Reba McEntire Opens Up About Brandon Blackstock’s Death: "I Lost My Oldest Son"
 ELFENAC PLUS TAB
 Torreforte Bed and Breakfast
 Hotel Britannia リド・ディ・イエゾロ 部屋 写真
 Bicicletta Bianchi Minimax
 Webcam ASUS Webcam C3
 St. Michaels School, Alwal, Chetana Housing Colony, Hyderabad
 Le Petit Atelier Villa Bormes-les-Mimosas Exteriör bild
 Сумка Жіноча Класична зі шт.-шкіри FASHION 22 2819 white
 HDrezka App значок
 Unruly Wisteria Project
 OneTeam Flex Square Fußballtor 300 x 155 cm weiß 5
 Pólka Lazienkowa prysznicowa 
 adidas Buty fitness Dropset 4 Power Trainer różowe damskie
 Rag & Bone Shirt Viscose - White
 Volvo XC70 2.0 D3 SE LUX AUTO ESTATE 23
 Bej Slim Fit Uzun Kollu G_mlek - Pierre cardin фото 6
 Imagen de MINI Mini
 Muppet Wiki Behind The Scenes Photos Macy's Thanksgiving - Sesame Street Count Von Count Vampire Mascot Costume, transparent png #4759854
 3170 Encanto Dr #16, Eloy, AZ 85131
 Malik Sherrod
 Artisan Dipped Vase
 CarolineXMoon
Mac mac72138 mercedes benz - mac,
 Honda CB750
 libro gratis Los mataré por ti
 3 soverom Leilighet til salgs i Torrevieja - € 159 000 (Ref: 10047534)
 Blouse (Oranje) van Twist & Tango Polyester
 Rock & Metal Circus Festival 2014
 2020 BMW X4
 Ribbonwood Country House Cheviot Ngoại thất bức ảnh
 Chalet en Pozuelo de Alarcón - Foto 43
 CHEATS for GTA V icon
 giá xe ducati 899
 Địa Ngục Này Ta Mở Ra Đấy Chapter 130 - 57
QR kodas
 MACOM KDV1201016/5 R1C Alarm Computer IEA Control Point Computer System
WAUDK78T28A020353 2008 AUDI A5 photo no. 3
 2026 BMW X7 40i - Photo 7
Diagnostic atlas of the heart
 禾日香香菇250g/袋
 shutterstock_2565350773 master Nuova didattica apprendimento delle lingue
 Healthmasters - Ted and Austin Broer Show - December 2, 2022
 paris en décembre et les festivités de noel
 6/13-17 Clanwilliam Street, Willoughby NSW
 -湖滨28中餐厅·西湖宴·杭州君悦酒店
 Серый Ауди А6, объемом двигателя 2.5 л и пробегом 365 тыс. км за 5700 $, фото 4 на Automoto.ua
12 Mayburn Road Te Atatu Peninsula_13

============================================================

* WHAT IS EXPECTED *
Look through the data above for the string "Street" and copy every line where it appears.

* RESULT *
 Muppet Wiki Behind The Scenes Photos Macy's Thanksgiving - Sesame Street Count Von Count Vampire Mascot Costume, transparent png #4759854
 6/13-17 Clanwilliam Street, Willoughby NSW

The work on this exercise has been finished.